Cardoso worked as a reporter for United Press International for a few years in the mid-1980s, until the wire service closed its L.A. bureau. The freelance assignments dried up and he was often broke. In the late 1990s, the lifelong smoker was diagnosed with throat cancer. More recently, he had contracted pneumonia.

To the end, there was no greater fan of Cardoso’s writing than Thompson, who called “The Maltese Sangweech” “a fine, elegant little book.” He was particularly impressed by his friend’s Zaire tale, which had been written in a record three days.
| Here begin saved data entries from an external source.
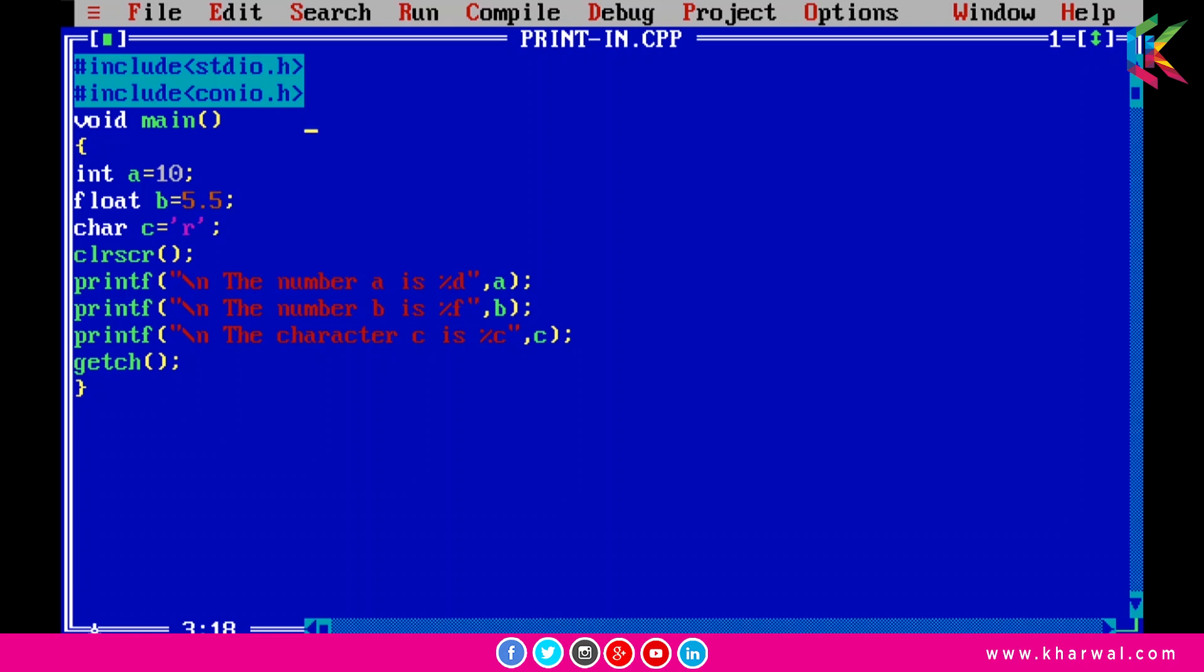If we want to print an integer number, we need to use the format specifier %d. That's why in the first statement we are using %d format specifier to print the value of a, because a is an integer variable.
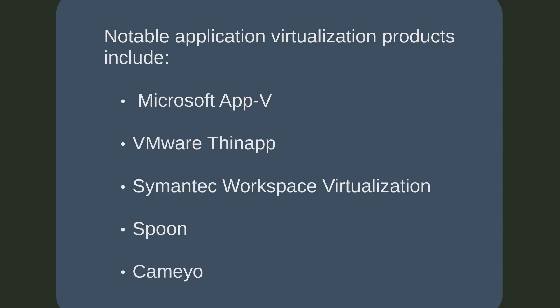Unfortunately, analysis of the many application virtualization products on offer is beyond the time we have in this presentation. If you feel that you would like to investigate further into specific products, here is a list of those that we recommend you look at.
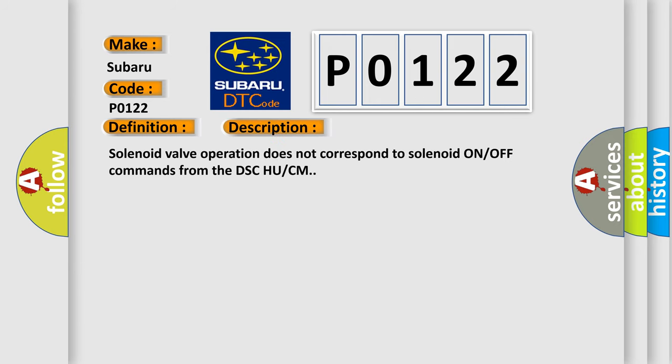Solenoid valve operation does not correspond to solenoid ON/OFF commands from the DSC-HU/CM.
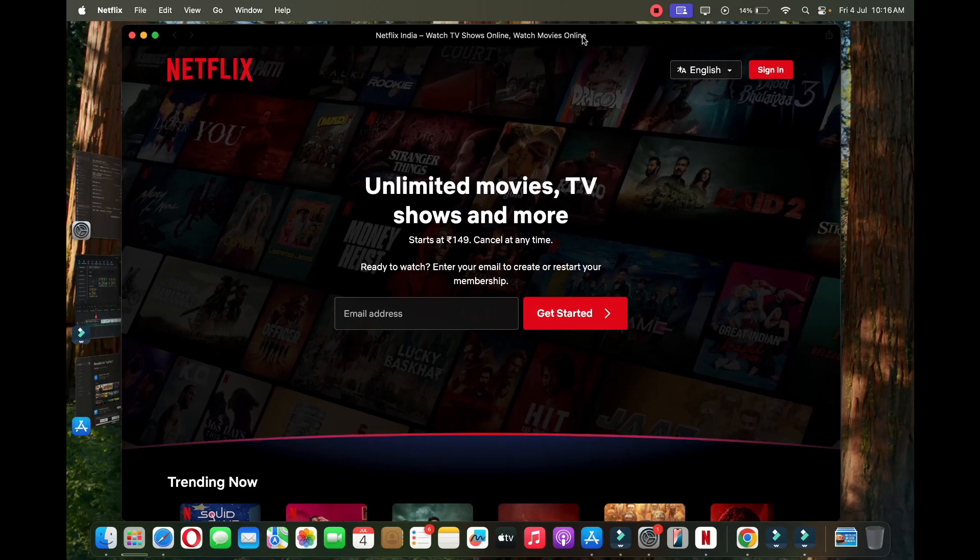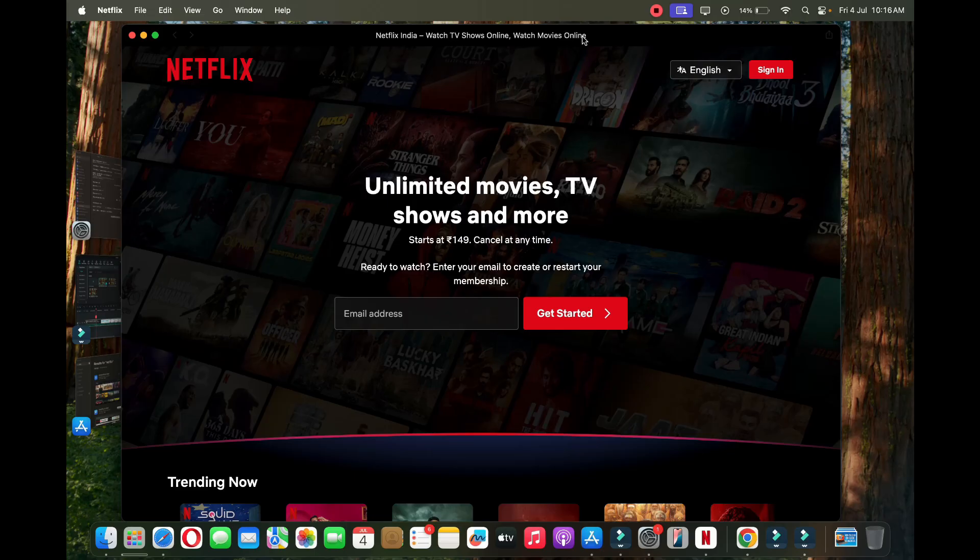Okay, so if you're logged in you will directly see the shows and all that. So this is the workaround in order to get Netflix directly as an icon. Okay, so thank you for watching the video, please like it and subscribe to my YouTube channel, thank you.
Wrote Thompson: “I spent all afternoon weeping over [it].”

It was, in a word, gonzo.

“I remember,” Cardoso wrote, “that the press corps of the world, when they returned, invariably led their pieces with references to the hyacinth pads and other flotsam floating inexorably along the Zaire toward the sea ... almost to a man they wrote such, neglecting to inform the reader that under each hyacinth pad a crocodile smiled.”